Читаем без скачивания Вершины и пропасти - Софья Валерьевна Ролдугина
Шрифт:
Интервал:
Закладка:
…наместник Биргир оказался полукровкой-южанином: смуглым, с раскосыми карими глазами, кругловатым лицом и аккуратной бородкой клинышком. Облачённый в серые и алые одежды, он держался спокойно, с достоинством, словно не в плен попал, а явился перемолвиться словом-другим с младшим приятелем, неразумным и капризным – и потому не терялся даже рядом со своими командирами, как на подбор плечистыми и рослыми. И буйными; особенно выделялся среди них один – настоящий великан, немногим ниже Кальва, со светлой лохматой головой и бледно-серыми, почти прозрачными глазами. Он непрестанно сквернословил, а завидев Мирру, на миг замолк… чтоб вновь разразиться бранью:
– Ублюдок пожаловал! – Он привстал, дёргая за спиной руками, точно хотел разорвать связывающую их верёвку. – Шлюхин сын и сам-то знатная шлюха, и в дружину набрал себе таких же шлюх! Всех, поди, перепробовал, ублю…
Договорить он не успел.
Мирра, не особенно меняясь в лице, обнажил морт-меч, коротко замахнулся… На лбу, на переносице, на щеке у здоровяка проступила багряная капель, тонкая-тонкая, как нить – а потом часть головы просто съехала в сторону, срезанная ровно-ровно. Массивное туловище покачнулось – и рухнуло наземь.
– Говорить можно только когда я спрашиваю, – тихо произнёс Мирра и сощурился. – Или кто-то хочет возразить?
Один из командиров Биргира, который приподнялся как раз, поспешно сел обратно и сгорбился, явно пытаясь казаться меньше, а Эсхейд цокнула языком осуждающе, но к кому это осуждение относилось, было неясно. Фогарта посмотрела на распростёртое в грязи тело, ожидая, когда её замутит; впрочем, не дождалась, словно весь ужас и отвращение остались там, у обвалившихся скал… Зато появилась неожиданная мысль, такая удивительная, что она даже озвучила её вслух:
– Так вот отчего тебя считают свирепым и боятся!

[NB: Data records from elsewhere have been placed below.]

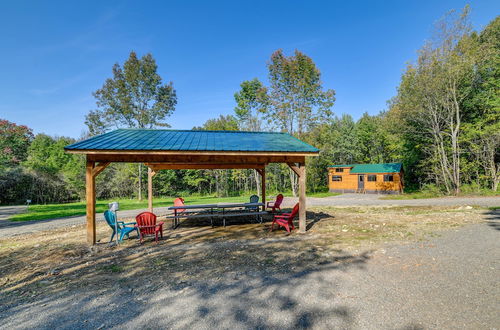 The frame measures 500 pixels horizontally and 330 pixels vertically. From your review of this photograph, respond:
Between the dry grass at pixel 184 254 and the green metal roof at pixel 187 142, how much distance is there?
2.58m

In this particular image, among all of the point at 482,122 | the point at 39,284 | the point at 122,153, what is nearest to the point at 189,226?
the point at 122,153

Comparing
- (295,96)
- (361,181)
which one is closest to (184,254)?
(295,96)

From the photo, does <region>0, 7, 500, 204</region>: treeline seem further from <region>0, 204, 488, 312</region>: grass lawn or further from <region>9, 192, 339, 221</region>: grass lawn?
<region>0, 204, 488, 312</region>: grass lawn

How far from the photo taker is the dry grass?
13.6 ft

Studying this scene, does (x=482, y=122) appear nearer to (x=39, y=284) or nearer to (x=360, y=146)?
(x=360, y=146)

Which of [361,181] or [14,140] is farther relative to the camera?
[14,140]

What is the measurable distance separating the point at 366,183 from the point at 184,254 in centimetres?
2377

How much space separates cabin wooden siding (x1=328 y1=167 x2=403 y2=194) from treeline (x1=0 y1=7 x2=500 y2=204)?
2.72 m

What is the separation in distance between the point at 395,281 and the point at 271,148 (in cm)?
444

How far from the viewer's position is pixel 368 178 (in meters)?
24.8

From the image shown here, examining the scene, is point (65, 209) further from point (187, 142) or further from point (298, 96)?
point (298, 96)

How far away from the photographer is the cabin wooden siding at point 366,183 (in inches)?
904

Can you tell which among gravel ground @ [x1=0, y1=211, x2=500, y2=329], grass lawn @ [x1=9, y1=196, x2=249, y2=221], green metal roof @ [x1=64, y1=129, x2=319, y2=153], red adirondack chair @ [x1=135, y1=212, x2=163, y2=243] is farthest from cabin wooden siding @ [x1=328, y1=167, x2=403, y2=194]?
red adirondack chair @ [x1=135, y1=212, x2=163, y2=243]

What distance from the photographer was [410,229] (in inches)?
289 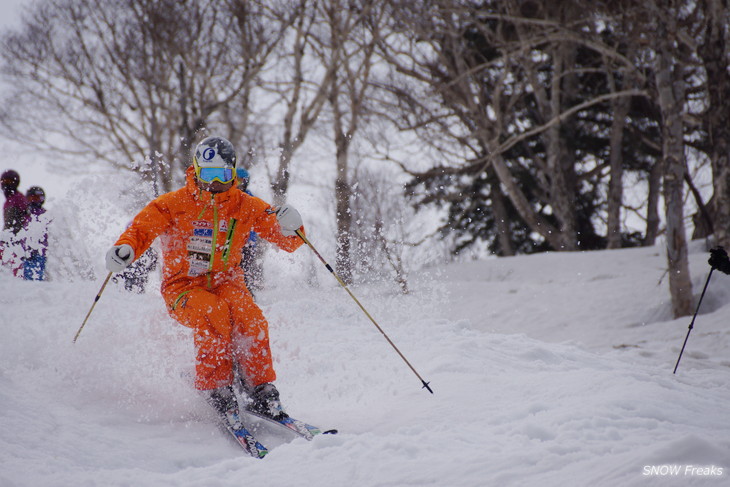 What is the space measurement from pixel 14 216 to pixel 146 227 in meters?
4.84

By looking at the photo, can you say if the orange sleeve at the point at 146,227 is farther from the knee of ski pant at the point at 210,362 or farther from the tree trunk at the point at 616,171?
the tree trunk at the point at 616,171

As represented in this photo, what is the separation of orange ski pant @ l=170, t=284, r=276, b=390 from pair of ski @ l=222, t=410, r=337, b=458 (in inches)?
10.0

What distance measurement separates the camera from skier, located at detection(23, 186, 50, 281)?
747 centimetres

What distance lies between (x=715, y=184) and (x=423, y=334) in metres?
5.20

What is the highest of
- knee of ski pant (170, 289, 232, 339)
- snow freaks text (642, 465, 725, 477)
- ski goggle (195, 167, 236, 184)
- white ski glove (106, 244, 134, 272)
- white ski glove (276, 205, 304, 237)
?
ski goggle (195, 167, 236, 184)

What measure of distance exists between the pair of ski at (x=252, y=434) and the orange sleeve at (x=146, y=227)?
1.24 meters

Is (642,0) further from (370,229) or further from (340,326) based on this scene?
(340,326)

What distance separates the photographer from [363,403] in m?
3.72

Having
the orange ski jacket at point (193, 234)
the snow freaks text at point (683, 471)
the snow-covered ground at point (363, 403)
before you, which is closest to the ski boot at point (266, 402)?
the snow-covered ground at point (363, 403)

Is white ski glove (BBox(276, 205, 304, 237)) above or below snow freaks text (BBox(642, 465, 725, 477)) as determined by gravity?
above

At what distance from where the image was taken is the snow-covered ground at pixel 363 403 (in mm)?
2314

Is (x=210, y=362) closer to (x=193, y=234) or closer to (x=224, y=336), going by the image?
(x=224, y=336)

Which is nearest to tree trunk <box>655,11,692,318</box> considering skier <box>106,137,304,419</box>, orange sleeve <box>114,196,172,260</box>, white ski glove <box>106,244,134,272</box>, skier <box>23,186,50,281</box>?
skier <box>106,137,304,419</box>

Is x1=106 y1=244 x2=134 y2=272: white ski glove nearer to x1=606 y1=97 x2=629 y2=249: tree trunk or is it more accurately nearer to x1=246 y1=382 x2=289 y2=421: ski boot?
x1=246 y1=382 x2=289 y2=421: ski boot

Мирра с недоумением обернулся:
– Что?
– Я о твоём скверном нраве, – ответила Фог, одновременно радуясь и тому, что ей не стало в этот раз дурно, и тому, что она поняла кое-что новое. – Мне всегда казалось странным, что о добром человеке так говорят… Но теперь ясно: ты хоть и добрый, но безжалостный.
Мирру это, кажется, настолько поразило, что он даже позабыл состроить сердитое лицо, как обыкновенно:
– Я-то добрый?
– Ну да, – уверенно кивнула Фог. Вспомнила раненую всадницу под наместничьим плащом у Кимень-горы, некрасивого трубача с красивыми песнями и шутливые перебранки с дружиной – и добавила уверенно: – Заботливый, внимательный, справедливый и чуткий. И ничего, что безжалостный, это хорошо даже! В человеке ведь, как и в морт, главное – стремление: какое стремление вложено, такой результат и выйдет, а ты… ты хорошего желаешь.
Биргир, стоявший на коленях, беззвучно рассмеялся – и продолжал смеяться, пока не схлопотал пинок под рёбра и не закашлялся. А Эсхейд качнула головой, улыбнувшись:
– Вот и я тебе о том же твержу, котёныш… наместник юга, – поправилась она.
Мирра глянул на неё свирепо, потом на Фог, но никого не устрашил – и тогда снова изобразил безразличие и повернулся к Биргиру, едва-едва отдышавшемуся:
– Ну что же, раз мы все собрались и выяснили сокровенную правду друг о друге – поговорим и о насущных делах.
Биргир криво улыбнулся, утирая кровь с подбородка – давешний удар ему достался такой силы, что из носа хлынуло – и произнёс с мягкой укоризной:
– У тебя как у верного сына одно дело может быть: слушать отца и делать, как он велит.
– Вот как? – холодно удивился Мирра. – А он-то меня, бывало, поучал в детстве, что настоящий мужчина, истинный воин, ни перед кем пресмыкаться не должен, пусть бы даже перед родителями… Впрочем, расскажи, чего желает отец. Исполнить не обещаю, но послушаю.
Он подцепил наместника запада кончиком меча под подбородком, заставляя поднять голову; тот застыл и закрыл глаза, точно готовый к удару, и промолчал.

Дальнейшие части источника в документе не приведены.